Even if it had been demonstrated that AAY was aware of the social worker's comments in March of 2008, those comments were not "discriminatory statements" attributable to AAY. While courts have recognized that "[v]erbal comments constitute evidence of discriminatory motivation when a plaintiff demonstrates that a nexus exists between the allegedly discriminatory statements and a defendant's [adverse employment action]," Silver v. North Shore Univ. Hosp., 490 F. Supp. 2d 354, 362 (S.D.N.Y. 2007), such comments have been those made by individuals who are directly associated with the employer. In distinguishing between comments that evidence an intent to discriminate and non-probative "stray remarks," "a court should consider [among other factors] . . . who made the remark, i.e., a decisionmaker, a supervisor, or a low-level co-worker . . . ." Id. at 363; see Rizzo v. Amerada Hess Corp., No. 99-CV-0168, 2000 U.S. Dist. LEXIS 18754, at *17-18 (N.D.N.Y. Dec. 29, 2000)("An employer's discriminatory statements will rise above the level of stray remarks and constitute direct evidence of discrimination when the statements are: (1) made by the decision maker or one whose recommendation is sought by the decision maker; (2) related to the specific employment decision challenged; and (3) made close in time to the decision."). A comment about Santora made by a third party with no known relationship to her employer AAY, whether or not AAY was made aware of such comments, simply does not constitute evidence of discriminatory motivation on the part of AAY.

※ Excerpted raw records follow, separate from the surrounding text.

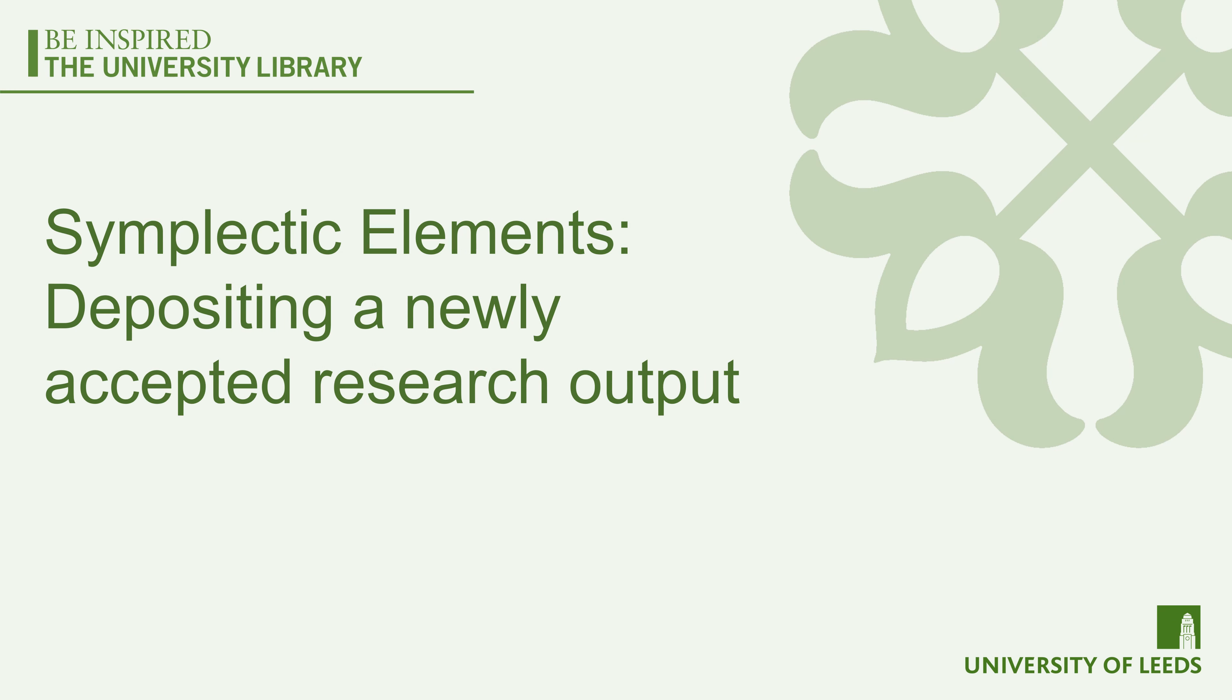This video will explain how to deposit a newly accepted research output to the institutional repository via Symplectic Elements, the University Publications database.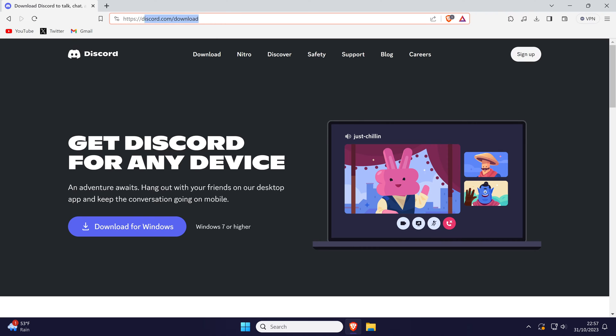Thankfully the installation is very simple and once you're on this page, click on where it says download for Windows.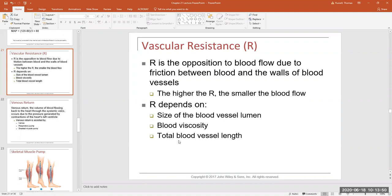Total vessel length is a factor we don't change physiologically — it happens with body growth. This really only comes into play in morbidly obese individuals, where blood vessels keep growing with the massive amount of tissue. Longer vessels mean the blood meets more resistance, the heart has to generate more force to move the blood, and blood pressure is higher — which is obviously a problem.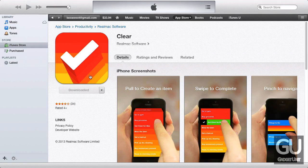So I just bought Clear — it's 99 cents — and I plan on refunding it. I'm just using this app as a demonstration.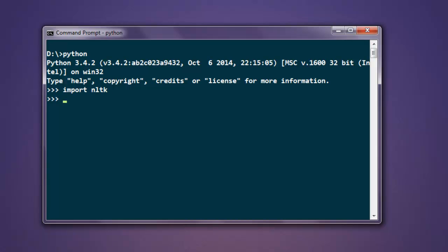Now we will import the WordNet class: from nltk.corpus import wordnet.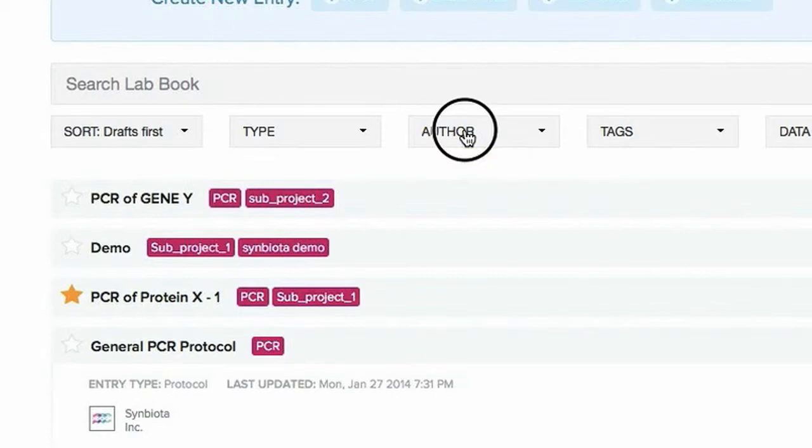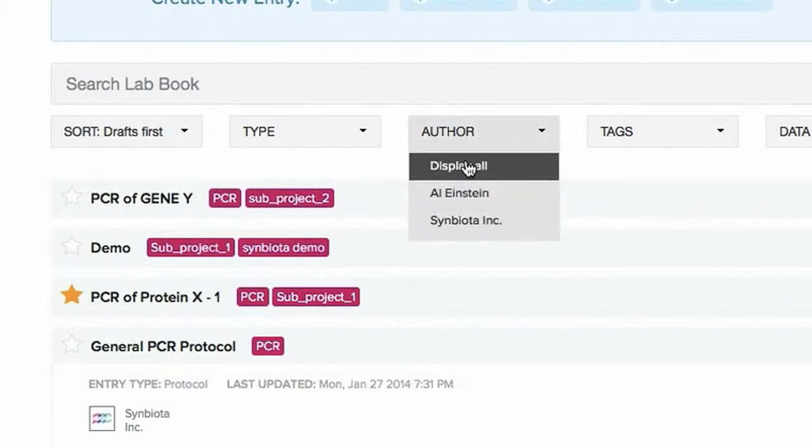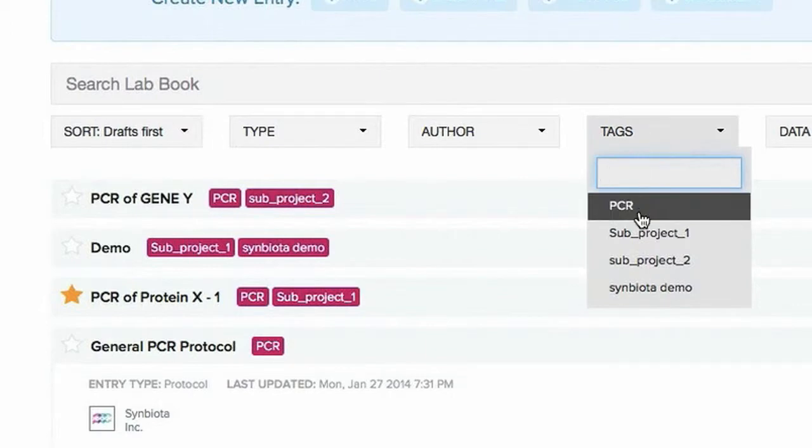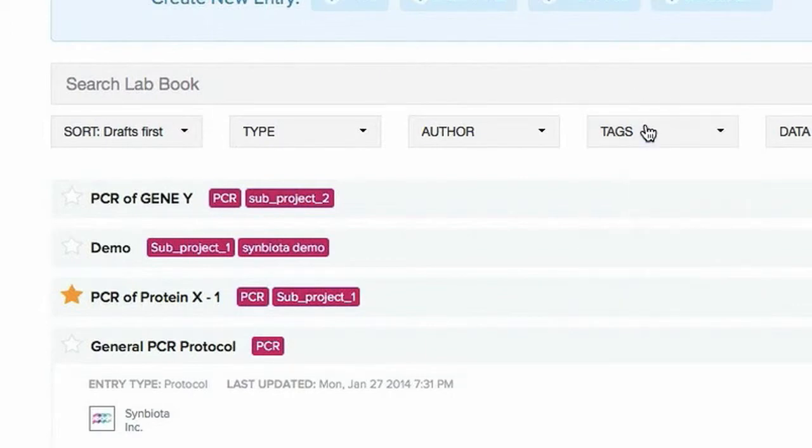You can sort by your collaborator. You can sort by tags. And you can sort by data type.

The Court concludes that Santora provided no evidence showing that the adverse employment action occurred under circumstances giving rise to an inference of gender or age discrimination by AAY. Consequently, Santora has failed to establish a prima facie case of discrimination under either Title VII or the ADEA. Because a prima facie case was not established, there is no presumption of discrimination by AAY, and the motion of the defendant is granted as to both claims.
CONCLUSION
For the foregoing reasons, the defendant's motion for summary judgment (doc. # 39) is GRANTED. The Clerk is directed to close the case.